* [What is being asked]:
Among the entries below, find the line with "That concludes this", then quote it and each following line up to and including the line with "Thank you for watching this video on modifying", and nothing else.

* [Dataset items]:
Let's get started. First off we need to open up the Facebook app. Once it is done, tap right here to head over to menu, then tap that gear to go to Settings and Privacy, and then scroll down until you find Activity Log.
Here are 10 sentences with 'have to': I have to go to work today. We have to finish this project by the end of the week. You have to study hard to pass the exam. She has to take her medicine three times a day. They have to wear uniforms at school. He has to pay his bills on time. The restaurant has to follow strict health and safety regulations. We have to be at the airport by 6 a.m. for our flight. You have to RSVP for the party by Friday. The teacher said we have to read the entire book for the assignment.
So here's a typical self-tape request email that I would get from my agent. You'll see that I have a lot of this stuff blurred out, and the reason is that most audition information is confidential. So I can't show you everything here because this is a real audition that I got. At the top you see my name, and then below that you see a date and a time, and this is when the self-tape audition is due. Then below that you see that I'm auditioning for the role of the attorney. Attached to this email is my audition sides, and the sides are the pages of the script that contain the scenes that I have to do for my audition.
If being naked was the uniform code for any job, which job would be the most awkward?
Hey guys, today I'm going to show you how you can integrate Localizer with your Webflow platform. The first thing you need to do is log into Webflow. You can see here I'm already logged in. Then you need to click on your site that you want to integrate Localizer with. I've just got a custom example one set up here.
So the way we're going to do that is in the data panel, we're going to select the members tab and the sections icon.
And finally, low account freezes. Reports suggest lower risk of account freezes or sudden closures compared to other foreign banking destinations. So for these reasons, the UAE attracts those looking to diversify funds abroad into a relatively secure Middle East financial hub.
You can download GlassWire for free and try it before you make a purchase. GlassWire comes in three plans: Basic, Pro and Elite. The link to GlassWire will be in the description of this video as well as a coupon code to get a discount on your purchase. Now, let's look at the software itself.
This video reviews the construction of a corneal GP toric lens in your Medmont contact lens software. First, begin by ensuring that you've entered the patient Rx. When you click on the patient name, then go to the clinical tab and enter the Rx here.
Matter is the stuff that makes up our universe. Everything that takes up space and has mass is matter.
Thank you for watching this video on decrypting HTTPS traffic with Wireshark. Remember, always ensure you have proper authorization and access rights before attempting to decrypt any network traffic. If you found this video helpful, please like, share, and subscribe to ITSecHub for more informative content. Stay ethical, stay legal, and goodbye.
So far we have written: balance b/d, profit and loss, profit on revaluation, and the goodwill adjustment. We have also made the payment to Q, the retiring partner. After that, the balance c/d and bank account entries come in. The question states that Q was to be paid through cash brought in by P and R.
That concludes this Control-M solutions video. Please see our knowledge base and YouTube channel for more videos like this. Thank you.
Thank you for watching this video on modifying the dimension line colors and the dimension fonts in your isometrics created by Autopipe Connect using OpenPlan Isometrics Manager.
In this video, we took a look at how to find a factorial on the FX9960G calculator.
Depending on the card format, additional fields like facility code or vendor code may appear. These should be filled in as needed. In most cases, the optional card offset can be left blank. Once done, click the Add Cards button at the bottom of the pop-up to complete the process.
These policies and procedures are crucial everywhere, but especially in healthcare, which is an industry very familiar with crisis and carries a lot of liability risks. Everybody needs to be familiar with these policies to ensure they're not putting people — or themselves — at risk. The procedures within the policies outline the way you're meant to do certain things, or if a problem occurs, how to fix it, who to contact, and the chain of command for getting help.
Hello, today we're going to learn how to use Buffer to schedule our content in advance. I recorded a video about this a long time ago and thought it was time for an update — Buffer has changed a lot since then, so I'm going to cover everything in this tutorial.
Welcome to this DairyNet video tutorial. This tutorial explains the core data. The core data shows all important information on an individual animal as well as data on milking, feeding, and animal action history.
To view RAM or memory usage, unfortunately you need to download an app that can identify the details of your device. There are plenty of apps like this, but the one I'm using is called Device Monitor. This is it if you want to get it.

* [Your response]:
That concludes this Control-M solutions video. Please see our knowledge base and YouTube channel for more videos like this. Thank you.
Thank you for watching this video on modifying the dimension line colors and the dimension fonts in your isometrics created by Autopipe Connect using OpenPlan Isometrics Manager.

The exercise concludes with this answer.